Convert the following natural language command to a sequence of ROS2 actions:
Command: {natural_language_command}
Environment Context: {environment_context}
Return the action sequence in JSON format with the following structure:
{{
"actions": [
{{
"type": "navigation|manipulation|interaction",
"action": "specific_action_name",
"parameters": {{"param1": "value1", ...}}
}}
]
}}
Only return valid ROS2 actions that are feasible in the given environment.
"""
response = openai.ChatCompletion.create(
model="gpt-3.5-turbo",
messages=[{"role": "user", "content": prompt}]
)
try:
action_sequence = json.loads(response.choices[0].message.content)

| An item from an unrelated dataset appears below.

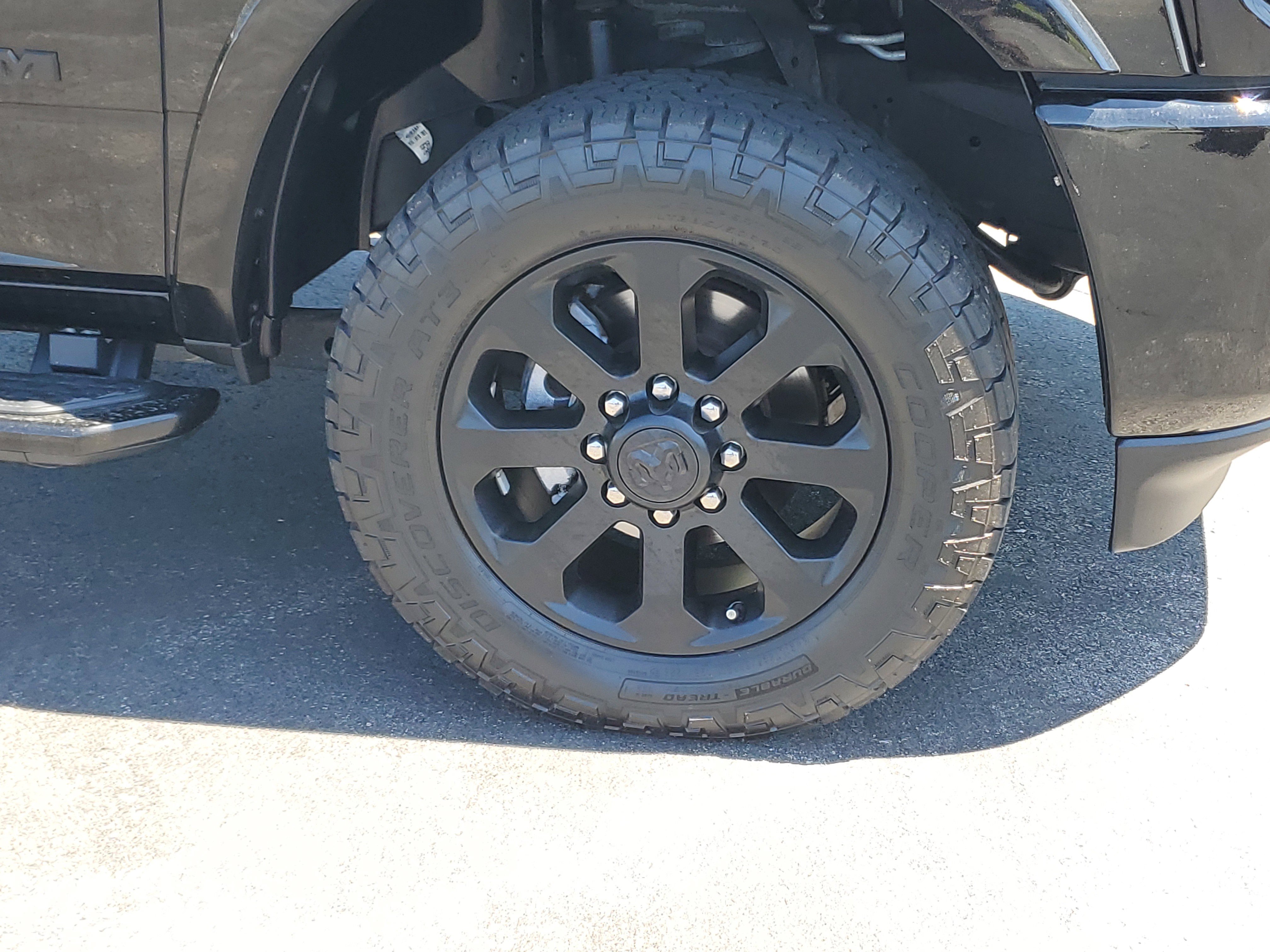 Used 2019 RAM 2500 Laramie w/ Black Appearance Package image 5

return self.validate_action_sequence(action_sequence)
except:
return {"actions": []}
def validate_action_sequence(self, action_sequence):
"""Validate that action sequence is safe and executable"""
# Implementation of validation logic
validated_actions = []
for action in action_sequence.get("actions", []):
if self.is_action_valid(action):
validated_actions.append(action)
return {"actions": validated_actions}
def is_action_valid(self, action):
"""Check if individual action is valid"""
# Implementation of action validation
return True
# Example usage
planner = CognitivePlanner(api_key="your-api-key")
command = "Navigate to the kitchen and pick up the red cup"
context = {
"robot_position": [0, 0, 0],
"object_locations": {"red cup": [2, 3, 0], "kitchen": [5, 5, 0]},
"available_actions": ["navigation", "manipulation"]
}
action_sequence = planner.plan_command(command, context)
print(json.dumps(action_sequence, indent=2))
Testing with Complex Commands
Test with complex natural language commands:
- "Navigate to the kitchen and pick up the red cup"
- "Go to the living room and turn on the lamp"
- "Find the blue ball and bring it to me"
Validating Action Sequences
Before executing, validate:
- All actions are supported by the robot
- Navigation goals are reachable
- Object manipulations are feasible
- Safety constraints are respected
Summary
This chapter covered cognitive planning with LLMs, showing how natural language commands can be interpreted and translated into ROS2 action sequences. The next chapter combines these components into a complete autonomous humanoid system.